Friday, November 17, 2017

Adele Graf : writing process



Are you sure you want to be reading this? We’re all busy and always looking for pockets of time to work on our writing. Um, this is about my own particular writing process. Are you sure it’s a good use of your time to read it?

Fellow writers tell me that they take their writing time “off the top,” first thing in the morning. Or that they can’t wait to go on the next writers’ retreat, where they always get so much good writing done. Or that they love writing in Starbucks, with the hubbub of voices or conversations they overhear around them.

I’m happy that they’ve found what works for them. But what does it tell me about my own process?? We’re each a combination (victim?) of our metabolism, our upbringing, our introvert-extrovert quotient and the list goes on.

I happen to be a zombie in the morning and a powerhouse writer late at night. I need to snack every couple of hours, but only on certain foods. My energy drops at 4 pm. Can you relate to any of this?

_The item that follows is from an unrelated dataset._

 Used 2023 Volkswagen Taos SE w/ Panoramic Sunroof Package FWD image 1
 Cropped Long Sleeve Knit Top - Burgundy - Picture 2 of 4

I like to spread papers around me while I write, but in tidy piles I can identify. My imagination spills into my writing when my study is orderly. When it’s a mess, I can’t think. Can you?

I don’t write well under pressure, or in groups, so get almost nothing out of writers’ retreats. My best place to write is at home. When my brain goes blank from hours of writing, I can start cooking supper. Then back to my study, ready to write again. And – you guessed it, I’m an introvert who loves absolute silence for writing. A quiet house. A closed door.

I won’t take up any more of your time, except to mention one part of my writing process that might possibly be of general interest.

I try to have lots of writing projects, at various stages, on the go at once. That way, however much time, energy or brainpower I happen to have at any particular time of day, there’s always something I can do. Start a new draft, expand something recent, revise something new or older, edit, proofread, submit to a journal. And of course, read what others have written. But really, that’s just the way it works for me.



Adele Graf’s first poetry collection, math for couples (Guernica Editions), was published  in April 2017. Her first chapbook, a Baltic Friday early in grey (above/ground press), in August 2017. Her poetry has appeared in The Antigonish Review, CV2, The Dalhousie Review, EVENT, The Fiddlehead, Room and Vallum. She lives in Ottawa.